Ebenfalls aus archäologischer Perspektive wandte sich WOLFRAM MARTINI (Gießen) dem Thema zu. Das zeitgleiche Einsetzen der Amazonomachie mit den anderen mythischen Machien, wie der Kentauromachie oder der Gigantomachie, aber auch der Hoplomachie gegen 570 v.Chr. in den Vasenbildern legt nach Martini die Vermutung nahe, dass ihr Auftreten nicht auf ein spezifisches Interesse an den Amazonen, sondern auf ein allgemeines Interesse an dem Kampf mit realen und mythischen Feinden zurückzuführen ist. Im hochklassischen Athen zeigten das Bild Athenas und das der Amazonen zwei völlig gegensätzliche Entwürfe von Weiblichkeit, die im Götterbild durch die wehrhafte Athena und die erotisch konnotierte Aphrodite repräsentiert werden. Mit der bildlichen Annäherung der Amazonen an Aphrodite kontrastierten die Wunde unter dem erhobenen Arm und die ermattete Haltung, die sie als Besiegte kennzeichneten. Wie diese Verbindung von Eros und gebrochener Wehrhaftigkeit zu interpretieren sei, müsse zunächst offen bleiben. Die gängige Tendenz der aktuellen (Gender-)Forschung, die Amazonomachie als Kampf der Geschlechter zu deuten, erscheine allerdings nicht überzeugend.
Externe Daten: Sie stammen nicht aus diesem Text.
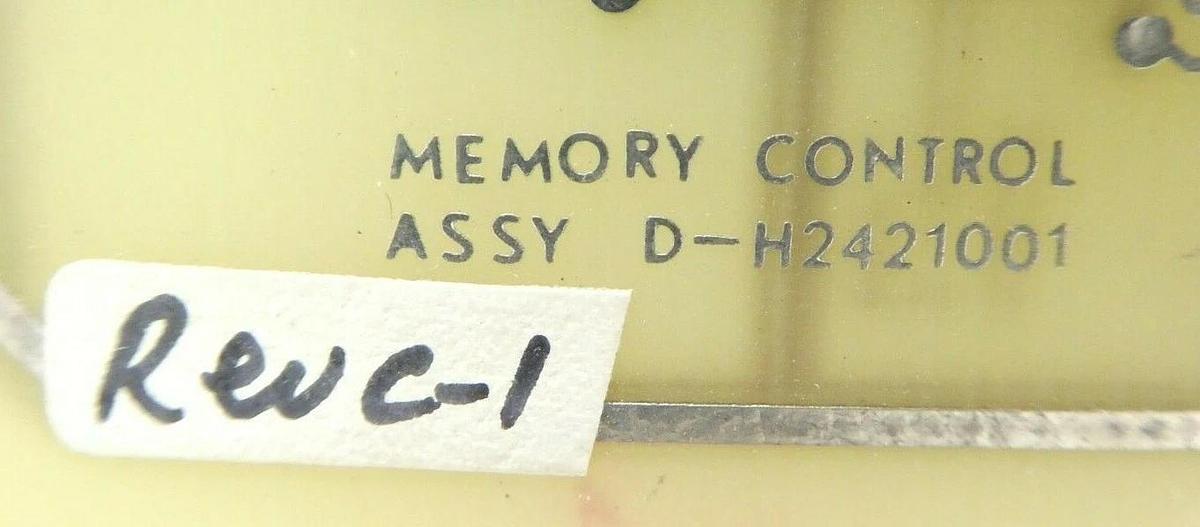 Used Varian Semiconductor VSEA D-H2421001 Memory Control PCB Card Rev. C-1 Working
Die Amazonen seien offenbar Teil einer Gegenwelt, die den griechischen Kosmos bedroht und daher bekämpft werden muss. In weit höherem Maße als die in ihrem Erscheinungsbild eindeutig als nichtmenschlich charakterisierten Giganten oder Kentauren unterlägen die Amazonen dem Einfluss der sich wandelnden athenischen Wertvorstellungen zur gesellschaftlichen Funktion der feindlichen Gegenwelt.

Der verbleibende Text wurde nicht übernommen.